Il faut lire l’article 3 du Règlement à la lumière de l’article 4. L’article 3 oblige uniquement le ministre à « maintain » (dans la version anglaise) un registre—peu importe le sens donné à ce terme—conformément à l’article 4. L’alinéa 4(2)a) prévoit notamment que la liste de brevets ne doit contenir que les brevets comportant une « revendication pour le médicament en soi ou une revendication pour l’utilisation du médicament ». L’obligation de tenir à jour le registre n’incombe donc au ministre que lorsque la première personne respecte les dispositions de l’alinéa 4(2)a). Comment le ministre pourrait-il déterminer si le brevet est conforme au Règlement s’il ne peut l’examiner? Si le ministre se voyait refuser la possibilité d’examiner les brevets soumis, on se demanderait bien à quoi servirait le registre puisque rien ne garantirait que ce dernier soit un reflet exact des brevets ayant un lien légitime avec un médicament donné. Par exemple, un brevet portant sur une hélice de bateau[3] pourrait empêcher un fabricant de produits génériques de fabriquer la Simvastatine pendant presque trois ans. Si un brevet manifestement sans pertinence pouvait figurer au registre, même par inadvertance, la seconde personne serait alors obligée de soumettre une allégation de non-contrefaçon relativement à ce brevet. L’AA qui serait envoyé à la première personne préciserait certainement qu’aucune contrefaçon n’aurait lieu puisque le brevet énuméré n’a aucun lien avec la drogue que l’on souhaite commercialiser. Si le processus prévu dans le Règlement est suivi, la première personne aurait le droit de déposer une demande de contrôle judiciaire dans le cadre de laquelle elle invoquerait le sursis prévu par la loi, d’une durée maximale de 30 mois. Par conséquent, le fabricant de produits génériques pourrait être dans l’impossibilité de commercialiser une drogue pendant une période de 30 mois à cause d’un brevet qui, indiscutablement, est dénué de pertinence.

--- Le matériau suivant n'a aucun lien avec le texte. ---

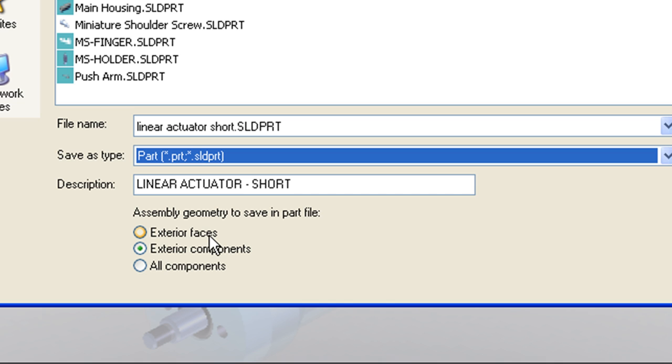First option is Exterior Faces. If you choose Exterior Faces, the resulting part model will be a surface body only, and it will be just the exterior faces of your assembly. So think of that as if you were to put a shrink wrap around the part. You're basically just creating a bubble, a surface model representation of the exterior of that assembly.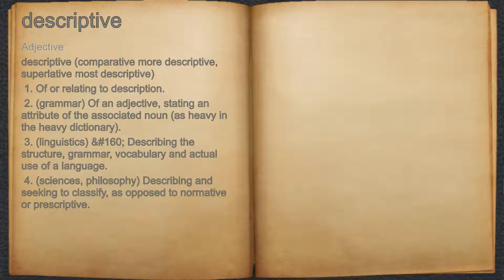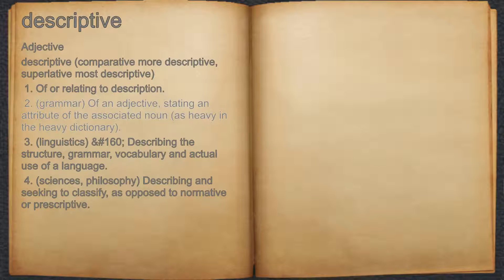Descriptive — Adjective. 1. Of or relating to description. 2. Grammar, of an adjective, stating an attribute of the associated noun, as 'heavy' in 'the heavy dictionary'.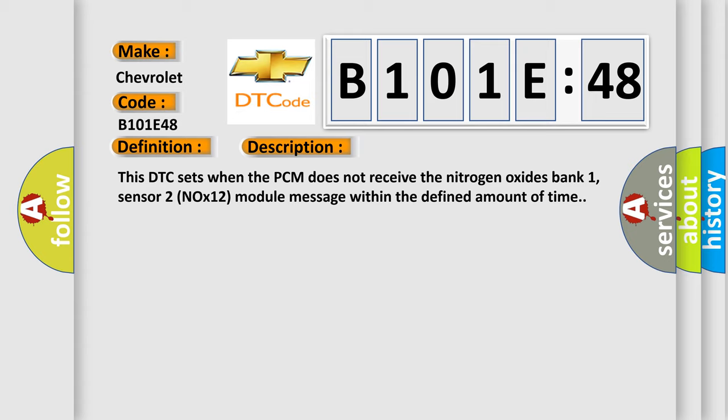This DTC sets when the PCM does not receive the nitrogen oxides bank 1, sensor 2 NOx12 module message within the defined amount of time.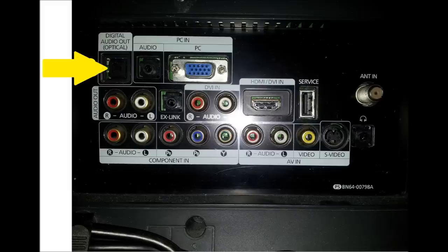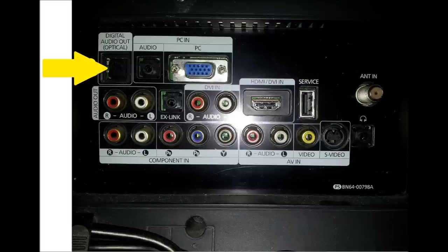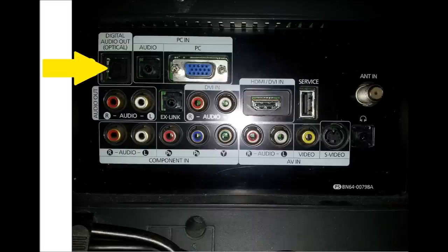In order to make sure this method is going to work for you, the first thing you need to do is look on the back of your TV and make sure that your TV has a Toslink digital output. It's highlighted on this photo with the yellow arrow.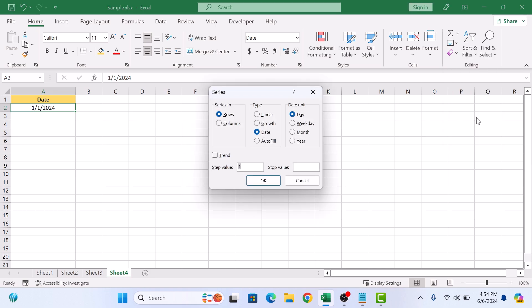A series pop-up will appear. In Series In, define whether to run autofill feature in rows or column. We are going to select columns. In Type, select Date.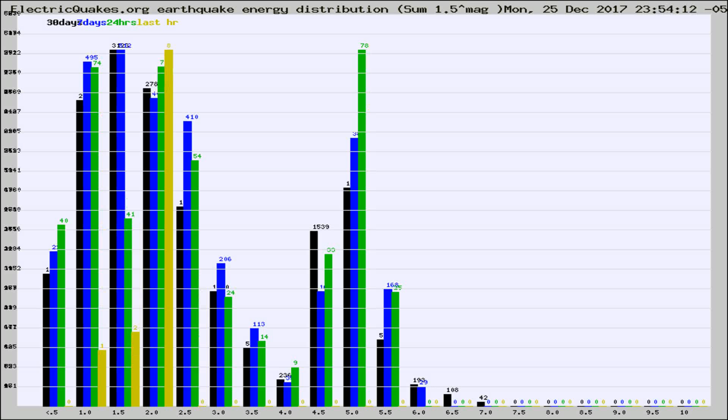Different colored columns are for 30 days, 7 days, 24 hours, and the last hour.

Manifestement, cela reviendrait à dénaturer l’intention du législateur qui est de veiller à ce que le marché offre des produits génériques sûrs et, par la même occasion, de protéger les droits de brevet légitimes.

Les demanderesses contestent la déduction selon laquelle elles insisteraient pour présenter une demande de contrôle judiciaire dans le cas d’un brevet qui concerne uniquement un procédé ou d’un brevet expiré. La transcription du contre-interrogatoire de M. Michael Levy, vice-président, sciences médicales, et médecin chef de Glaxo Wellcome Inc., qui porte sur le brevet canadien no 1,062,257, se lit comme suit aux pages 10 et 11 :

[traduction]

Q.   Très bien. Conteste-t-on le fait qu’il s’agit d’un brevet relatif à un procédé?

R.   Non.

Q.   J’imagine que vous, c’est-à-dire votre employeur évidemment, ne l’avez pas radié de la liste de brevets?

R.   Non, nous ne l’avons pas fait.

Q.   Et je suppose que vous n’avez aucune intention de le faire?

R.   Nous n’avons aucune intention en ce sens en ce moment.

La seule conclusion que je peux tirer à la lumière de cette preuve est qu’au moins certains des plus importants innovateurs seraient prêts à insister pour qu’on procède à un contrôle judiciaire complet même si les questions que devrait trancher le tribunal dans une telle instance seraient de nature théorique.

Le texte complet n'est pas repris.